Das gilt für Bilder, es gilt aber ebenso für Sprache und Geschriebenes. Aus Platzgründen kann ich hier nicht darauf eingehen, warum ich es für grundlegend falsch halte, in Bezug auf Bilder von „Lügen“ zu sprechen. Auch wenn das immer wieder so zu lesen ist: Bilder können nicht lügen.


Fake News und Fake Images: Falschmeldungen gibt es, seit es Texte gibt


Falschmeldungen gibt es, seit es Texte gibt. Teils sind es bloße Irrtümer, dann glaubt auch der Urheber, es sei tatsächlich so gewesen – dennoch ist das keineswegs harmlos, denn auch ungeprüft weitergegebene und aufgeblasene Fehlinformationen können erhebliches Unheil anrichten. Glaubt der Urheber den Inhalt der Nachricht selbst nicht, lügt er. Und das gilt allgemein als verwerflich. In der Regel werden damit Absichten verfolgt, die im Interesse des Urhebers liegen und nicht selten anderen schaden.

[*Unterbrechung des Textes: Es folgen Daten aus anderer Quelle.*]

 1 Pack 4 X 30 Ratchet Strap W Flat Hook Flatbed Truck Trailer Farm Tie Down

Vor allem die Boulevard-Presse ist voller Meldungen, deren Wahrheitsgehalt aus guten Gründen bezweifelt werden darf. Dennoch sind es nicht solche Nachrichten, die das aktuelle Schimpfwort „Lügenpresse“ begründet haben, sondern politisch unliebsame Meldungen und Analysen, die nicht zum Weltbild bestimmter, rechter Gruppen passen. Als moralisches Urteil kann dieser Kampfbegriff aber kaum gemeint sein, denn ein Großteil der nun Fake News genannten Meldungen stammt aus eben dieser Ecke.

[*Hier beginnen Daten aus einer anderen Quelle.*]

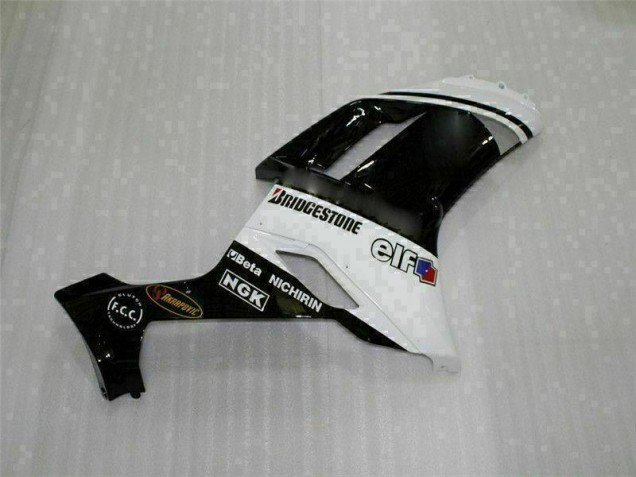 Carrozzeria Moto & Carena Moto ZX6R 07-08 - Nero Bianco Carrozzeria Moto & Carena Moto ZX6R 07-08 - Nero Bianco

Die traditionellen Medien haben dank professioneller Mitarbeiter/innen eine gewisse Filterfunktion, welche die Gefahr reduziert, dass Falschmeldungen verbreitet werden. Diese Struktur schließt weder Irrtümer noch Lügen aus, sie macht sie lediglich weniger wahrscheinlich. Hinter den im Web verbreiteten Nachrichten steckt dagegen oft nur eine Person, selten mit professionellem Hintergrund bezüglich Recherche und Prüfung von Fakten. Die an der Tastatur zusammenfantasierten Sätze sind oft bloße Behauptungen, die sich den Anschein von Wahrheit geben, Wiedergaben vom Hörensagen oder Meinungsäußerungen.

Fake News und Fake Images – Falschmeldungen sind gefährlich. Diesen Satz wird letztlich jede/r unterschreiben; man muss als Beispiel nur den eigenen Namen nehmen und ihn in die Textnachricht setzen: „X.Y. auf frischer Tat bei der Vergewaltigung eines Kindergartenkindes ertappt“. Als Sahnehäubchen: „X.Y. gibt zu: Ja, ich habe das getan, aber nur ein paar Mal.“ Und als Bildbearbeiter steuern wir dazu mühelos das entsprechende „Beweisfoto“ bei. Das fände wohl niemand nett oder angemessen.

Ob wir sie nun Fake News nennen oder schlicht traditionell Falschmeldungen: Der Wunsch, ihnen entgegenzutreten und das Behauptete richtigzustellen, ist angemessen und richtig. Die viel wichtigere Frage ist die nach dem „wie“, aber auch die nach dem „was“. Denn es wäre kaum einsichtig, fürs Web – insbesondere für soziale Netze – ein schnell und einfach zu handhabendes Instrument für Löschungen oder Richtigstellungen zu schaffen, herkömmliche Medien oder andere Nachrichtenkanäle aber davon auszunehmen.

Facebook etwa hat angekündigt, Nutzer könnten künftig eine Meldung als „umstritten“ kennzeichnen; sie bleibt online, wird aber mit diesem Siegel versehen. Seit es einfach zu realisierende digitale Bildmanipulationen gibt, wird diskutiert, wie man bearbeitete Bilder in den Medien kenntlich machen könnte, ohne dass bisher etwas passiert ist. Und nun soll das plötzlich klappen?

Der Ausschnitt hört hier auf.